Bobby Moore’s daughter Roberta said that in October 2021, an FA executive told her: ‘Your father’s shirt has been found.’
The shirt, the FA man informed her, was going to feature in a new ‘coffee table book’ charting the history of England football shirts. The book had been commissioned by the FA and it was about to go to press, in time for the Christmas market.
Roberta remembers feeling stunned. None of it made sense. She told the FA executive: ‘Are you sure? Have you checked it’s genuine?’
Told the shirt had been authenticated by a Sotheby’s and Christie’s expert, she replied: ‘Well, my mother’s going to be pretty interested to hear this.’
Roberta said: ‘When my parents got divorced, my father left everything to my mother in the divorce settlement, including the memorabilia and the shirts. My mother has been looking for the shirts for years.’
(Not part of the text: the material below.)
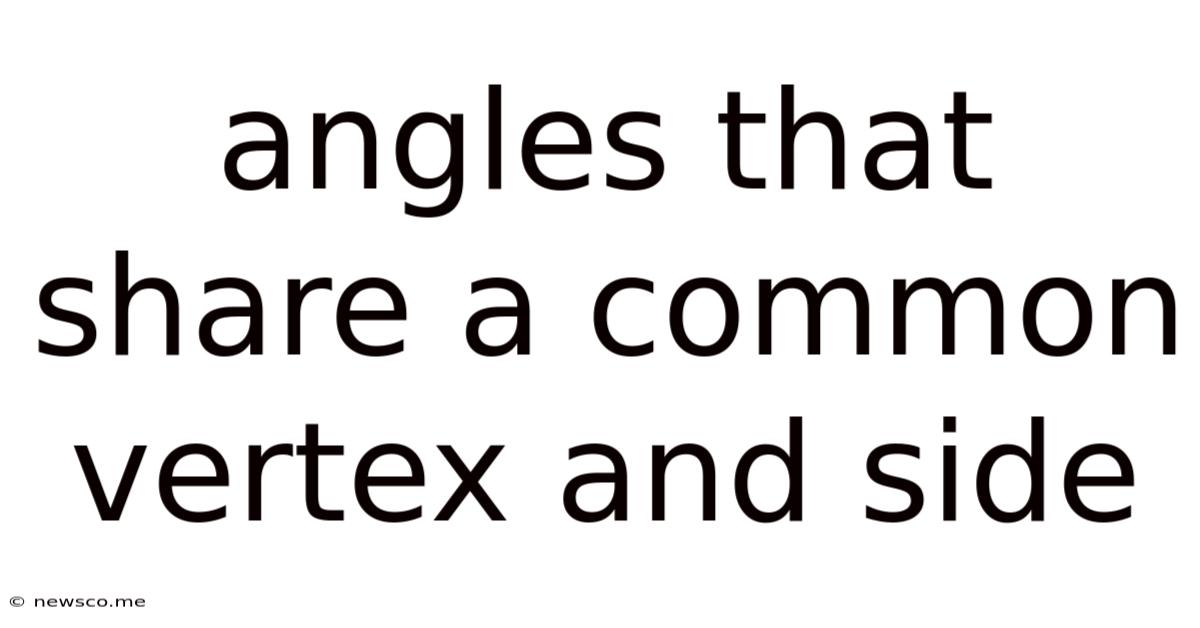 Angles That Share A Common Vertex And Side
What followed was a frantic few days as the Moores and the FA tried to unravel the mystery.
There is no suggestion that the Football Association or the anonymous private buyer were aware of any problem with the Moore shirt’s provenance. The FA contacted the family as a courtesy on the eve of the publication of its coffee table book about the discovery – which was an exciting development for fans of sporting memorabilia.
At the family’s behest, the FA made enquiries of the book’s publisher, Vision Sports Publishing, and the FA wrote to the Moores on October 21 that year, stating: ‘In researching the book, the publishers discovered the whereabouts of the shirt that your father wore in the 1966 World Cup final, in the hands of a private buyer. The buyer is known only to the publisher and they have asked to remain anonymous.’
Tina and Roberta were baffled. This was the shirt they had last seen in the attic. How could it now be ‘in the hands of a private buyer’?
The next day, Roberta spoke to another senior FA executive. According to Roberta, he told her: ‘Your father’s shirt has been found at a general auction of an unknown deceased person.’
He said an article about the discovery had been written which would feature in the coffee table book – which was going to be printed in four days’ time. Roberta said: ‘I told him my mother had been looking for this shirt for years. I said to him: ‘You really need to speak to my mother.’
The FA man offered to send her a copy of the article to check. He was as good as his word, sending it the same day.
And there it was – the famous red shirt, slightly scuffed but unmistakable. There were two photographs, apparently taken recently, one of which was a close-up of the stitched Three Lions motif.
Roberta said: ‘My mother had been searching for this shirt for years – decades – and here it was right in front of us’.
As a child, Roberta remembers ‘crystal clearly’ seeing the shirt in the attic of the family home in Chigwell, Essex. She said: ‘It was kept in a blue leather sports bag full of his England shirts and shirts he’d swapped with other players across his career. On occasion, we would go up to the attic for things like Christmas decorations or suitcases. There was a big box of wonderful old black and white photographs which we would often get distracted looking at for hours.
‘And then we would unzip the bag and take out the shirts to look at. I would ask what match this or that shirt was from. Sometimes I went up with Mum, sometimes with Dad. I knew what the red shirt was, the one with the No 6 on the back – his World Cup final shirt.
‘When Dad won the World Cup, I was only a baby, but I grew up very much understanding his achievement. How did the shirt go from being in my mother’s attic to turning up in this proposed book?’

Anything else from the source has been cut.